立川優馬 立川でございます。私の予想理論【レース質マトリックス】は「どの馬が走るのかな」と馬単位で予想するのではなく、「どういうレースになるのかな」とレース自体を予想する手法です。レースを「枠順」「脚質」「ローテ(前走距離)」「ペース」の4要素で2択にして、例えば「内枠・先行・短縮・スローペース」というような形でレースを定義付けします。そのレースがどういう質になるか、つまり“レース質”を先に設定した上で、狙い馬を決めていくわけですね。ですから、初めて出した単行本のキャッチコピーも「馬を見るな!どんなレースになるかだけを考えろ!」でした。
こうせい よく覚えていますよ。僕が立川さんに興味を抱いたきっかけも単行本のサブタイトルにもなっている「競馬は全て二択である」に惹かれたからでした。
──ここからは、この座談会のメインテーマである宝塚記念についてお話を伺っていきましょう。さきほどの立川さんのお話だと、まずはどういうレースになるか=レース質を定義付けるということですね。
立川優馬 今年は京都芝2200mで行われるというのがポイントですよね。従来の宝塚記念はレース質の読みやすいレースで「外枠・差し・短縮・ハイペース」がデフォルト。阪神芝2200mは「初角までの距離が長く」「下り坂からのスタート」なのでペースが上がりやすいのが特徴で、先行争いの最中に直線の急坂があります。時期的にも荒れた馬場になりやすいこともあいまって、どうしたって先行負荷の非常に高いタフなレースになるのです。テンに流れる分、中盤でペースが緩み外からの追い上げも効きやすいため、阪神芝2200mの宝塚記念のレース質は「外枠・差し・短縮・ハイペース」。したがって「内枠・先行」になりやすい阪神芝2000mの大阪杯との出し入れが非常に有効でした。
では「京都芝2200mだと何が変わるか」ですが、レースのラップ形が大きく変わるでしょう。テンの速度が緩んでスローペースからの上がり勝負になるのです。阪神2200mは捲りの持続戦になりやすいのに比べて、京都2200mは溜めての瞬発力戦になりやすいので、それこそまぐさんの【余力ラップ】が有効になってくるのではないでしょうか。
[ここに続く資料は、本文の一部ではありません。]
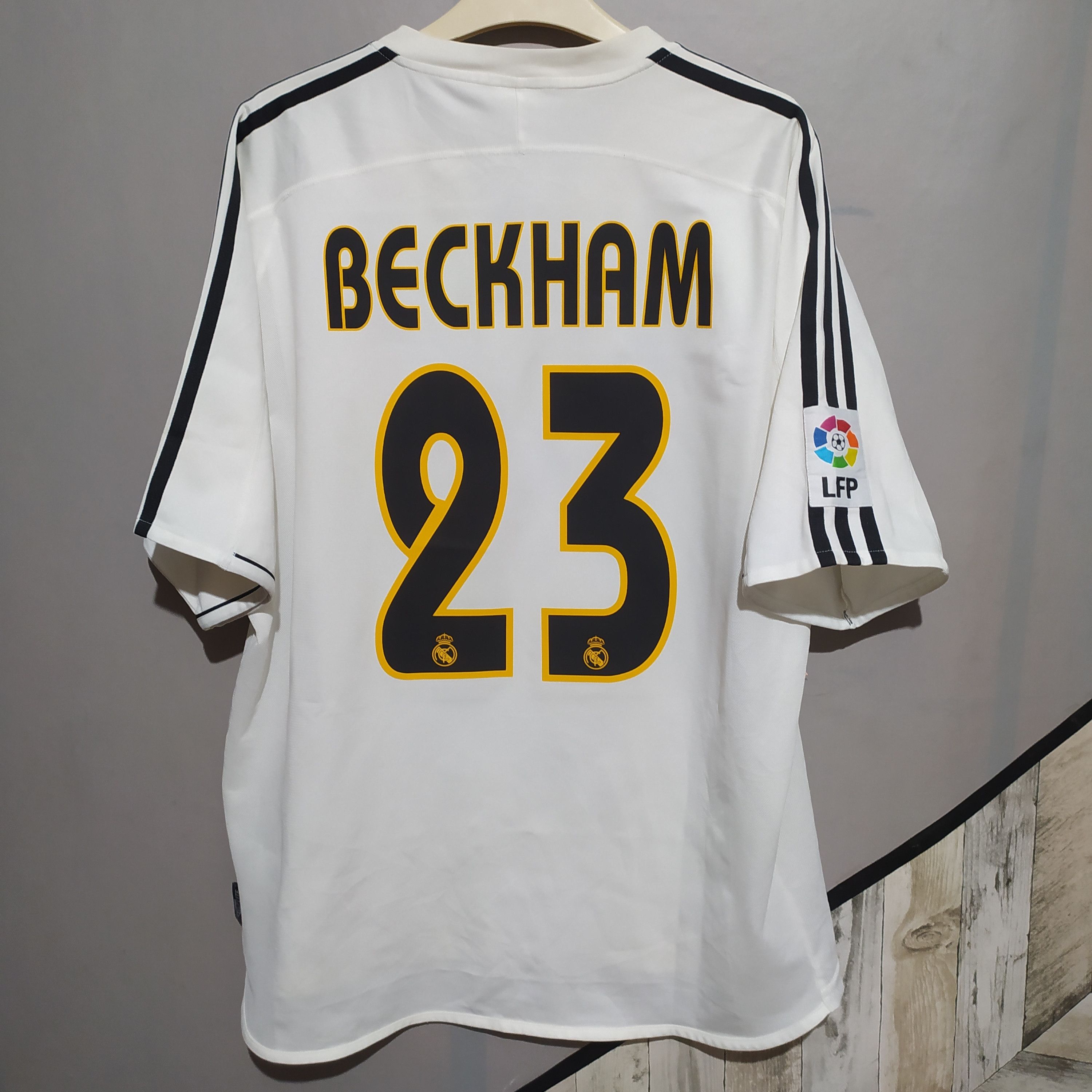 Vintage 2003 David Beckham#23 Real Madrid Jersey/t-shirt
こうせい ペースを考える上では、ベラジオオペラとディープボンドの枠並びが凄く重要になってくると考えています。今年は登録13頭と少なく、明確な逃げ馬も不在。逃げ候補はシンプルに初速が速いベラジオオペラか、主張すれば出していけそうなディープボンドのどちらかだと思います。そこで枠並びですね。ディープボンドがベラジオオペラよりも外枠を引いた場合、ディープボンドはテンのスピードが速くない上に距離短縮ローテになるので強めに促していく必要があり、その結果先行争いが長引く可能性は十分にあります。一方、ベラジオオペラが外枠を引いた場合は、外から強めに主張して他馬を被せていく形になるので、内の馬はポジションを取りたくても取れない状況になるはず。立川さんはペースが緩むという見立てでしたが、それは2頭の並び次第だと僕は考えています。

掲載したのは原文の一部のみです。